Analysis of cancer-derived extracellular vesicles (EVs) in biofluids potentially provides a source of disease biomarkers. At present there is no procedure to systematically identify which antigens should be targeted to differentiate cancer-derived from normal host cell-derived EVs. Here, we propose a computational framework that integrates information about membrane proteins in tumors and normal tissues from databases: UniProt, The Cancer Genome Atlas, the Genotype-Tissue Expression Project, and the Human Protein Atlas. We developed two methods to assess capture of EVs from specific cell types. (1) We used palmitoylated fluorescent protein (palmtdTomato) to label tumor-derived EVs.

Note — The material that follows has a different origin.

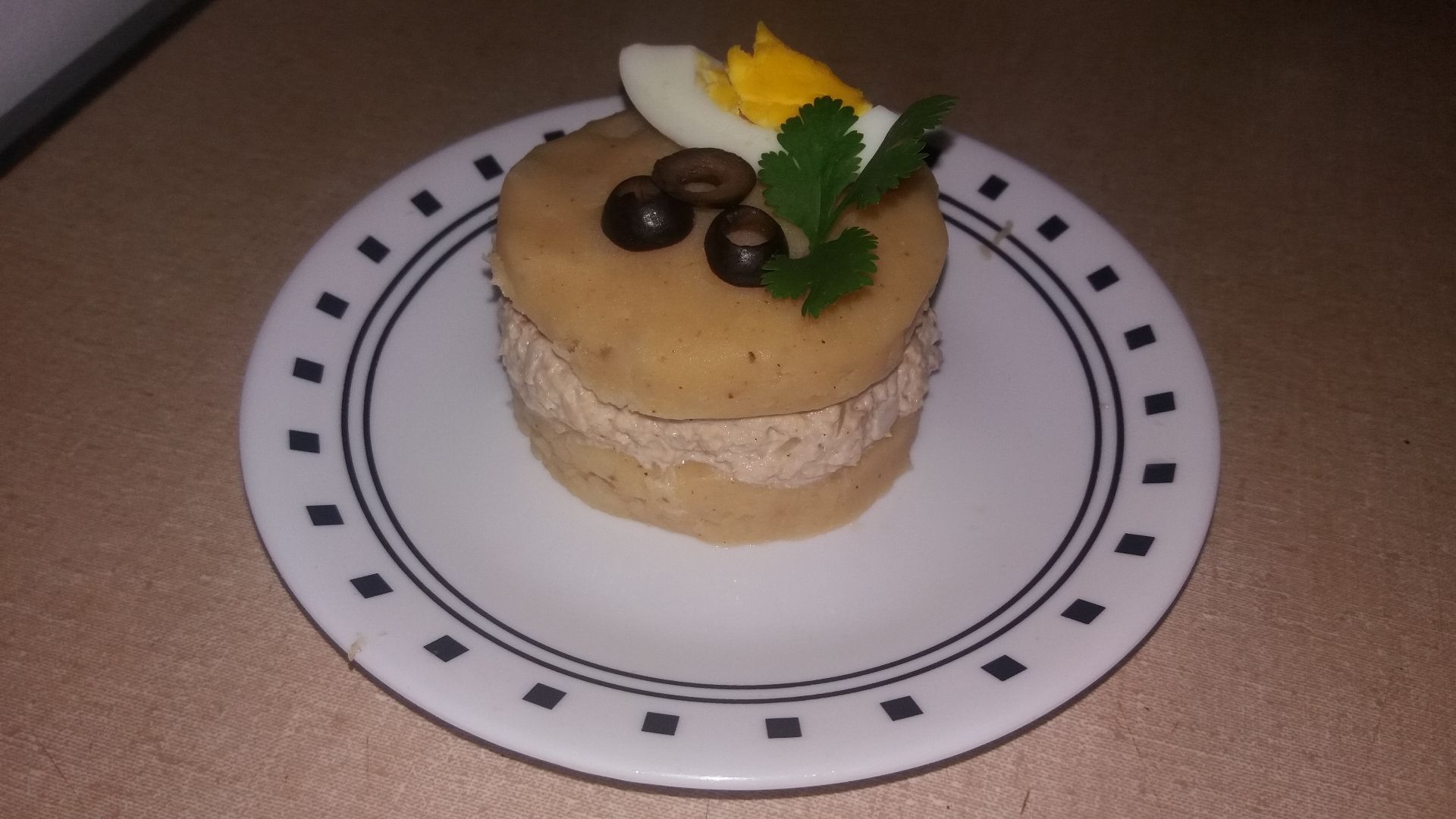 Causa Rellena de atum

Beads displaying antibodies of interest were incubated with conditioned medium from palmtdTomato-expressing cells. Bound EVs were quantified using flow cytometry. (2) We also showed that membrane-bound Gaussia luciferase allows the detection of cancer-derived EVs in blood of tumor-bearing animals. Our analytical and validation platform should be applicable to identify antigens on EVs from any tumor type.